---------- Data extract

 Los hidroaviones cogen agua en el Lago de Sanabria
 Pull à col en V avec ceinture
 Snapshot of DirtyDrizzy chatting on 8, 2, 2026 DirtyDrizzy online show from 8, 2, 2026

--------------------
---------- Data extract

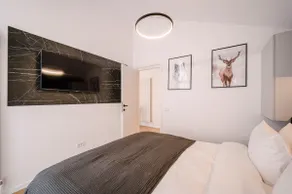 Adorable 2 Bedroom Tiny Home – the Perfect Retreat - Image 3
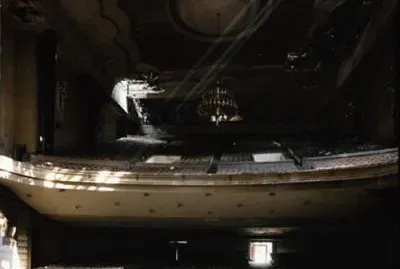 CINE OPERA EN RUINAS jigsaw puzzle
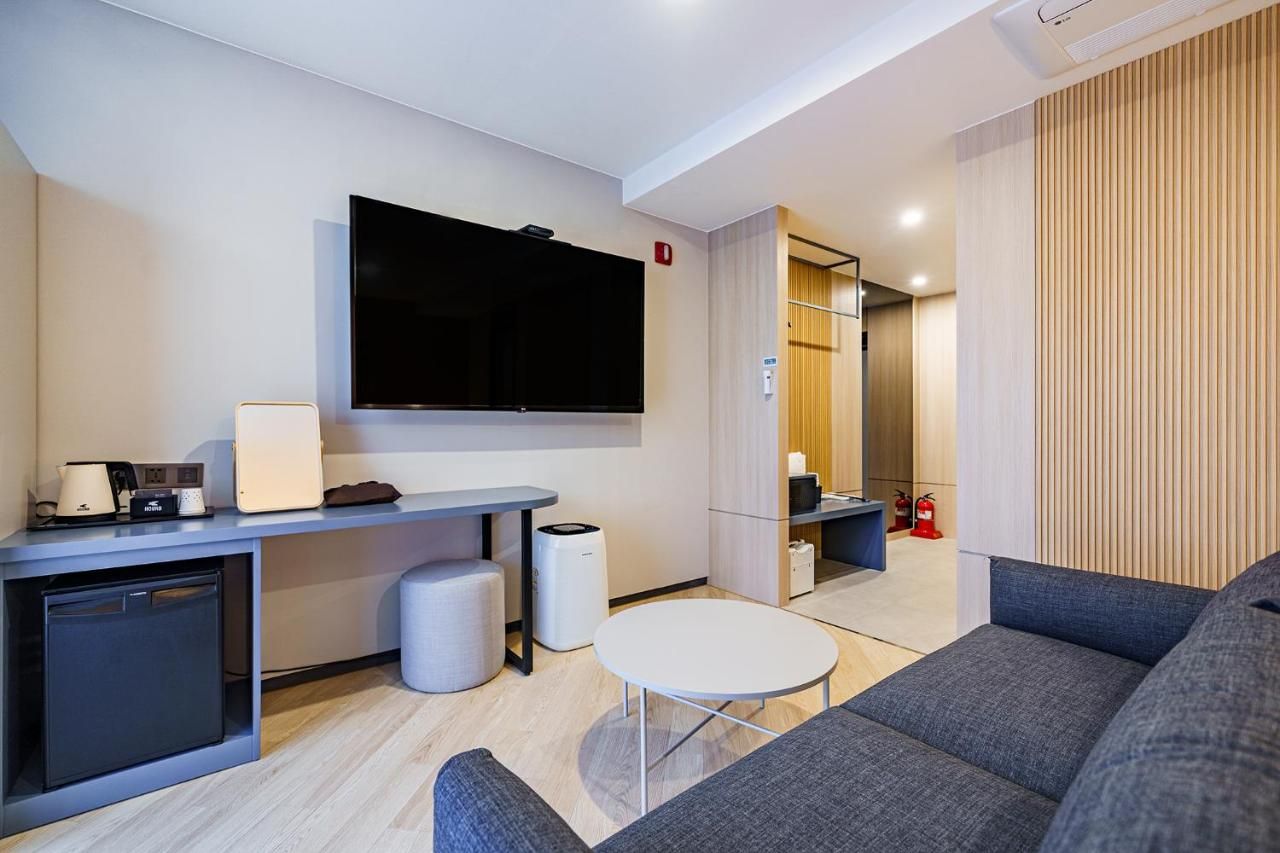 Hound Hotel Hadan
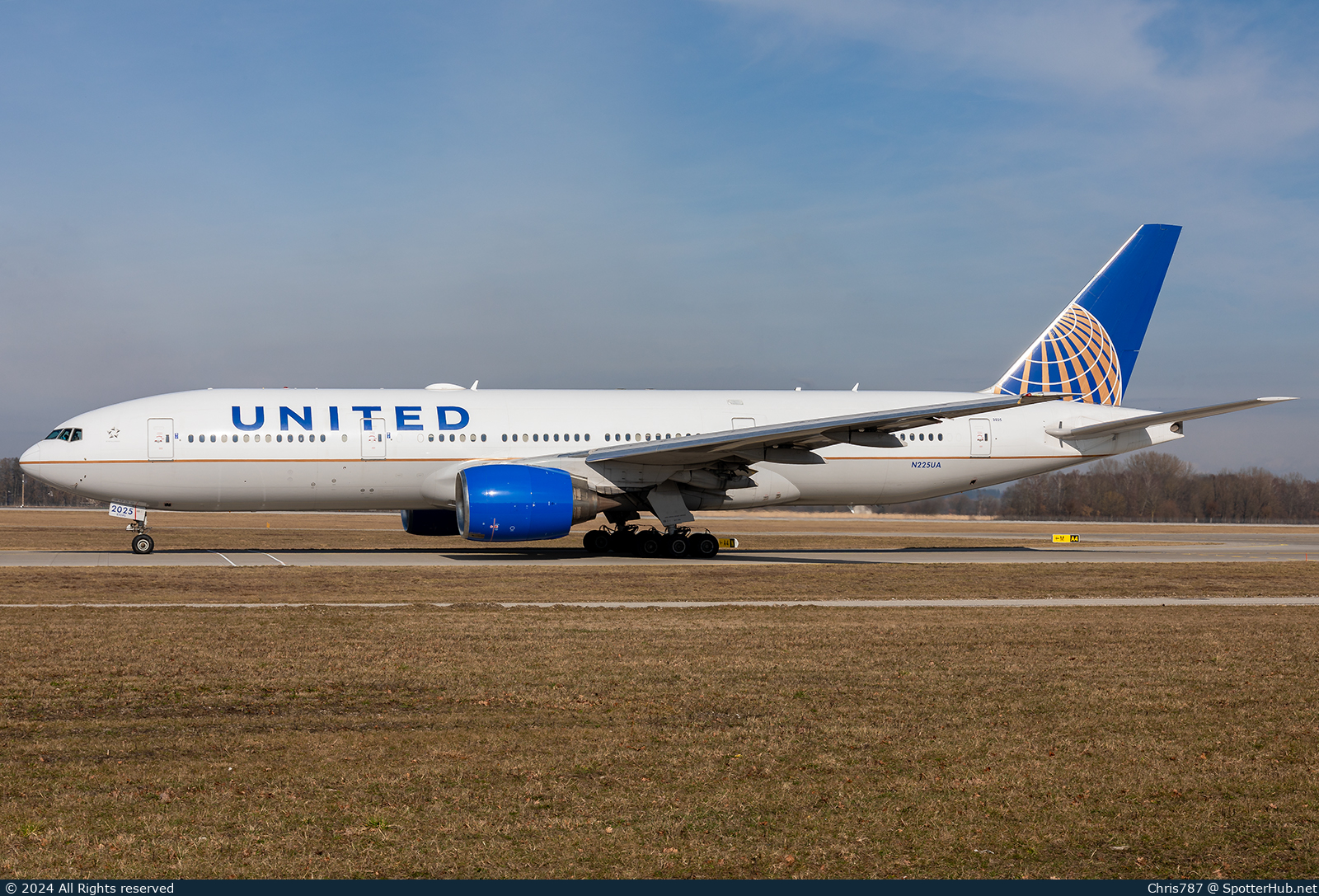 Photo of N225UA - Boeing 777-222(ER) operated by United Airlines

--------------------
---------- Data extract

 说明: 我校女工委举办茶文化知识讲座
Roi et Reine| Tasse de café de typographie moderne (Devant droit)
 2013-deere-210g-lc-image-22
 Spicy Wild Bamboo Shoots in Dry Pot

--------------------

> Required work: Will you return exactly the lines above from the one with "Los hidroaviones cogen" down to the one with "Snapshot of DirtyDrizzy", counting both as part of the range?

> Result:
 Los hidroaviones cogen agua en el Lago de Sanabria
 Pull à col en V avec ceinture
 Snapshot of DirtyDrizzy chatting on 8, 2, 2026 DirtyDrizzy online show from 8, 2, 2026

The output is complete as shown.